Data excerpts:
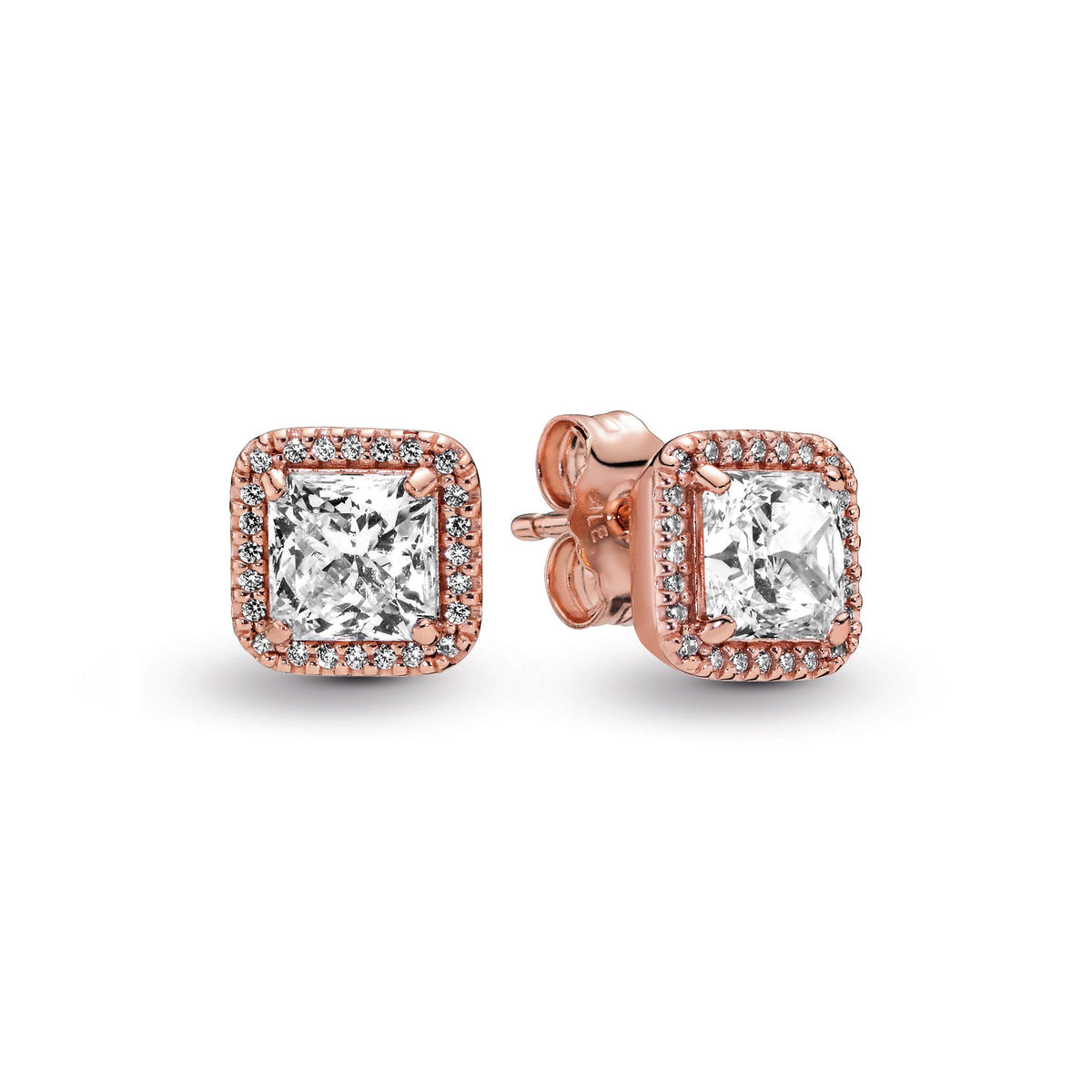 Pandora Square Sparkle Halo Stud Earrings
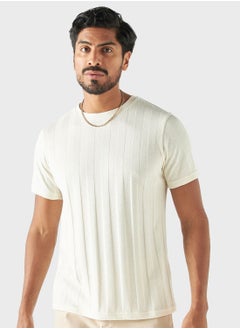 Buy Textured Crew Neck T-Shirt in Saudi Arabia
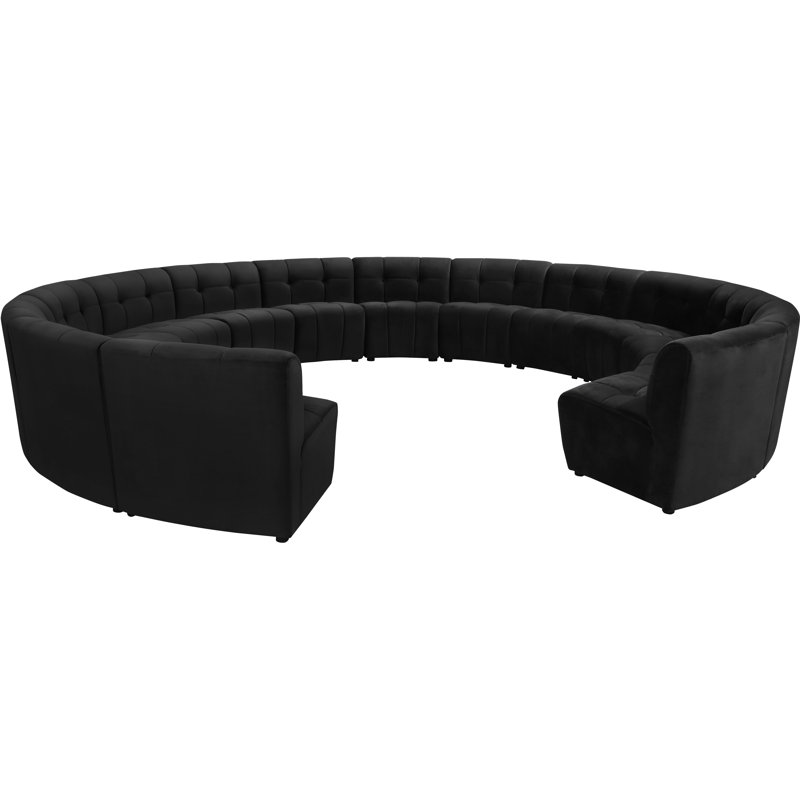 Jedson Velvet Sectional Symmetrical, Black Velvet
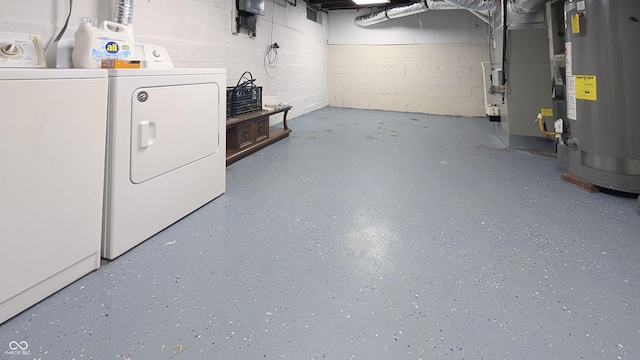 3436 Garden Ave, Indianapolis, IN 46222 - unfinished basement with washer and dryer, gas water heater, heating unit, and concrete block wall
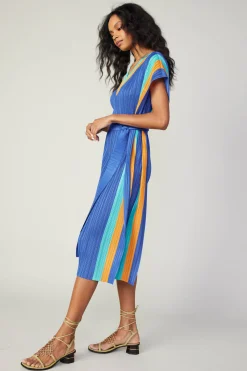 Maxi Dresses|Midi Dresses-Current Air Pleated Border Kaftan Dress BLUE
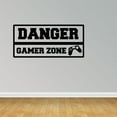 thumbnail image 1 of Empresal Danger Gamer Zone Vinyl Wall Decals Video Game Kids Room Decor Black 28"Hx13"W PC132, 1 of 5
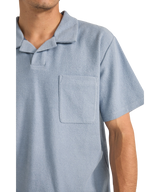 The Rhythm Mens Vintage Terry Polo Shirt in Slate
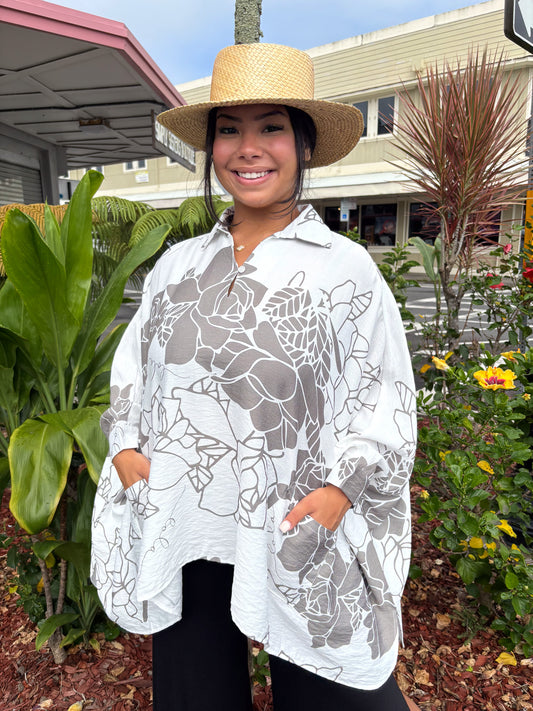 Piʻilani Blouse Lei Kiele Grey/White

### What is required:
What you return must match the data above exactly, with no images included.

### Answer box:
 Pandora Square Sparkle Halo Stud Earrings
 Buy Textured Crew Neck T-Shirt in Saudi Arabia
 Jedson Velvet Sectional Symmetrical, Black Velvet
 3436 Garden Ave, Indianapolis, IN 46222 - unfinished basement with washer and dryer, gas water heater, heating unit, and concrete block wall
 Maxi Dresses|Midi Dresses-Current Air Pleated Border Kaftan Dress BLUE
 thumbnail image 1 of Empresal Danger Gamer Zone Vinyl Wall Decals Video Game Kids Room Decor Black 28"Hx13"W PC132, 1 of 5
 The Rhythm Mens Vintage Terry Polo Shirt in Slate
 Piʻilani Blouse Lei Kiele Grey/White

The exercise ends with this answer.